Wednesday, May 2, 2007

EURO/DOLLAR 5-3-2007


The E/D is shakin and bakin more than Barry Sanders.

Lest you are deceived I want to tell you that most people are thinking that this pair is showing weakness yesterday and today. As I said many times, just because a market is moving down doesn't mean it's showing weakness and just because a market is moving up doesn't mean it's showing strength.

It is how it's moving up and down that signals weakness or strength, as in momentum.

If you jump up and you start to rise, that first impulse that got you rising, got you rising at a certain speed. As long as you rise at the same rate of speed or faster you are showing rising strength. But what if your rate of ascent, your upward momentum starts to slow. Yeah, you may be still rising but are you still showing upward strength? Then, if you get an extra push up you should rise even faster, and higher doesn't that make sense?

The same holds true if you are falling down and you get an extra push down. Your downward flight should accelerate and you should fall lower don't you agree?
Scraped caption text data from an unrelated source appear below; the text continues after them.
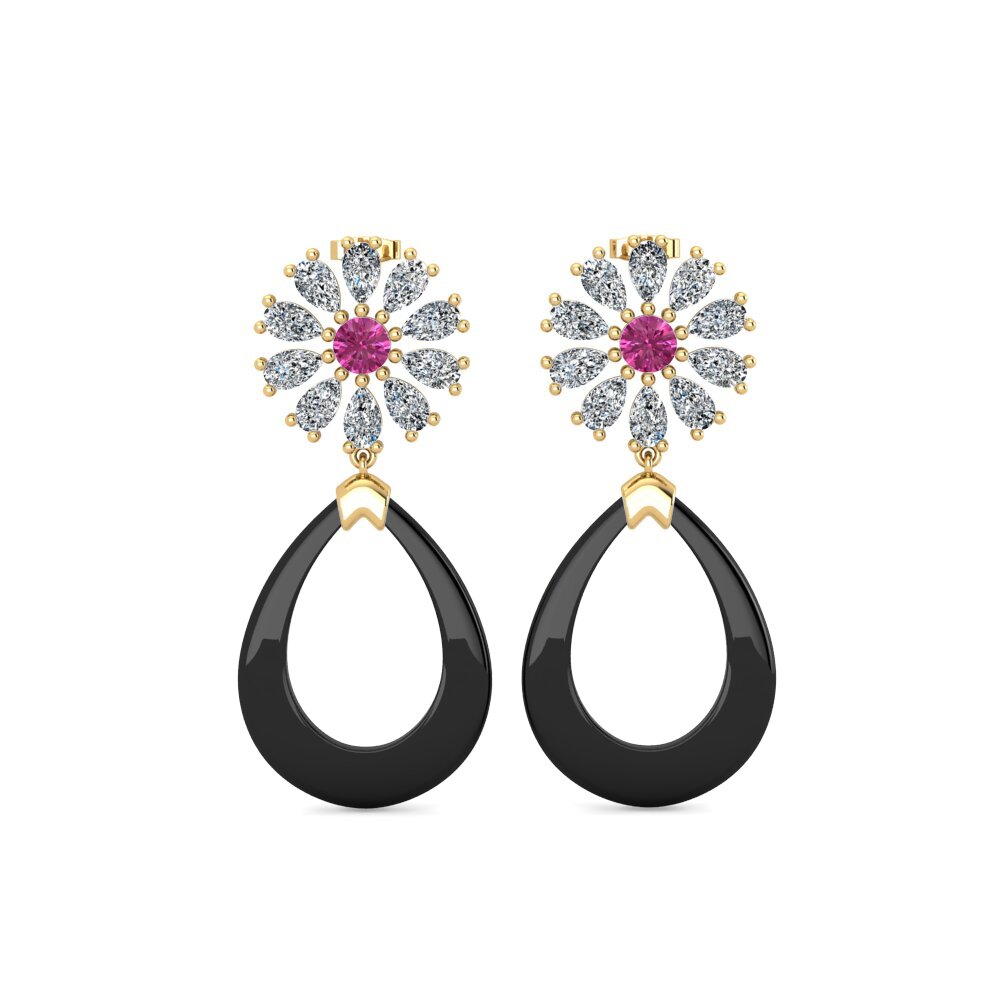 14ct Yellow Gold Pink Topaz Women's Earring Dande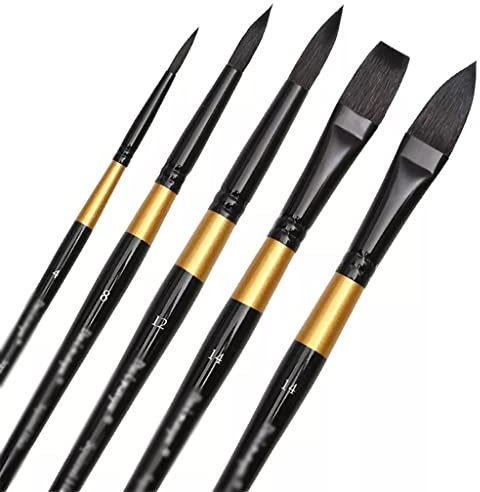 Watercolor Paint Brushes Set Professional Artist Painting Mop for Gouache Watercolors Inks, 5Pcs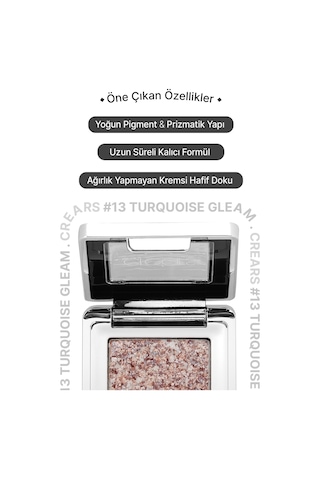 Cre'ars Mücevher Parlaklığında Yoğun Pigmentli Tekli Far Glitter Bomb Eyeshadow 13 Turquoise Gleam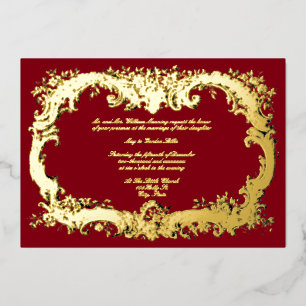 Invitation En Aluminium Frontière florale baroque Rococo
Now look at the chart for the last two days. On Tuesday we had a bear pivot but...LOWER VOLUME. Not a valid pivot is it? I told you what to expect in pivot lesson 4-A what to expect from a low volume (invalid) pivot.

Then today we had an attempt at a follow through on a bar that closed lower than yesterday's close, but could not close below the low of of yesterday's bar. It should have. I mean it had higher volume. It had a larger push. INSIGHT...

These last two bars are not showing weakness as that might appear from mere sight. Vision (inner sight/the mind/reasoning) tells us that it is falling at a decelerating pace. If you are running and you are slowing down you are not showing strength in the direction you are running, you are showing weakness in that direction.

We know just from living that before something turns it slows down. This current E/D down swing is slowing down not speeding up.

Then we have to consider that it is slowing down at an area of support (a wall). That area of support is The bull pivot marked by the Red (S) for swing bar on the chart. Yes, it was not a valid pivot bar that created that swing bar because of lower volume, but this current bear pivot also has lower volume, and that means balance.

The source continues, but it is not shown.